Ministry of Love

The intention of this blog is to share Biblical messages at least on a weekly basis. Any response is appreciated. I do not expect everyone to agree with my interpretation of Biblical passages. I will try to respond with love and thoughtfulness.

Saturday, May 31, 2008

Saturday Morning Musings, 05/31/08, by JAH

There's an old Christian saying that may date back to the ancient Jews. It says, "When all else fails, pray!" That's good advice, but I feel like it is a last ditch stand when you are in dire trouble. Better advice is pray often.

Prayer should be the response of a child who loves his Father. I think that is the reason David sought the Lord in the morning as well as in times of great need. I believe when Paul said, "I die daily," it was in his morning prayer time. It's logical to put God first before we begin a day of temptation to sin by committing our lives anew to Him.
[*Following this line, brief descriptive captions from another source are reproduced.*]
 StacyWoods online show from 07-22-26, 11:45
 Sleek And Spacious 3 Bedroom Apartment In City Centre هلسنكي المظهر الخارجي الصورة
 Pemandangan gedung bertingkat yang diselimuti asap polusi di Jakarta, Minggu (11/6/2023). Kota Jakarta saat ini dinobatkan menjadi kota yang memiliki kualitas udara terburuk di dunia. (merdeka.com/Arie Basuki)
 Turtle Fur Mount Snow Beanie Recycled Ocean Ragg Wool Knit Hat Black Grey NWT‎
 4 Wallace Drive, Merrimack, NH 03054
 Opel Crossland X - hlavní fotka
When I first became a Christian, prayer was one of the hardest things for me to do. I wrote a little note on the front page of my new reference Bible, "Don't forget to pray at least three times a day." That has a nice little ring to it, doesn't it? I remembered that Jesus told us to ask our Father for our daily bread, and that reminded me to talk with God for a moment before eating my meals. I found my days began to go better. I did that in 1946 on board the USS Iowa, and sometimes other sailors thought I was having some kind of seizure because sat for a few moments with bowed head. Some of those began to study the Bible with me after our duty times.

When I began serving as pastor in 1947, I was completely unprepared to serve as a pastor. It was real On The Job Training for me. I discovered three times of prayer with another at bedtime was not nearly enough! I was constantly bombarded with questions for which I had no answers! The only wisdom I could claim was to keep my mouth shut a lot more than I ever had in the past! I began to read the Scripture in prayer searching for the message God had for His people. That required my turning to the Lord in prayer consistently particularly when I opened His Word.

My wisdom increased as I realized God's Sprit would work with me IF I let Him have the leadership in my life. I would turn my life over to Him, but it would not be long until I decided to do something totally contrary to God's will. When I discovered I was no longer in the Lord's will, sorrow resulted, and I almost frantically prayed to be restored. "I die daily" began to mean much more to me. Part of my increased wisdom was the discovery that I not only did not have answers for the hard questions, but that there was no pat answers to them anyway. I couldn't get by with quoting some worldly proverb, or some well-known preacher. I despaired of ever measuring up to the standard I believed should be the measure of a minister. That's when the Spirit would take charge again, and my joy would return.
I remembered one of my elder friends asking me if I had read the book, "Humility and how I obtained it" by I. M. Smart. I became content with the knowledge I did not need to achieve the heights, just achieve God's will for my life whether it was great or plain and simple. Paul was right when he wrote I Corinthians 1:26-31, "Brothers, think of what you were when you were called. Not many of you were wise by human standards; not many were influential; not many were of noble birth. But God chose the foolish things of the world to shame the wise; God chose the weak things of the world to shame the strong. He chose the lowly things of this world and the despised things--and the things that are not--to nullify the things that are, so that no one may boast before him. It is because of him that you are in Christ Jesus, who has become for us wisdom from God--that is, our righteousness, holiness and redemption. Therefore, as it is written: 'Let him who boasts boast in the Lord.'"

Now, I may forget to pray at a meal sometimes, but all during the day, and sometimes when I wake up at night, I speak with the Lord. When someone asks me a question about the Lord, or the Bible, or what to do next, I defer to the Lord for the answer before I speak. If He doesn't give it to me, then I really have nothing to say, except, "I'll continue to pray about this. Maybe the Lord will give me the answer. If He does, I'll share it with you."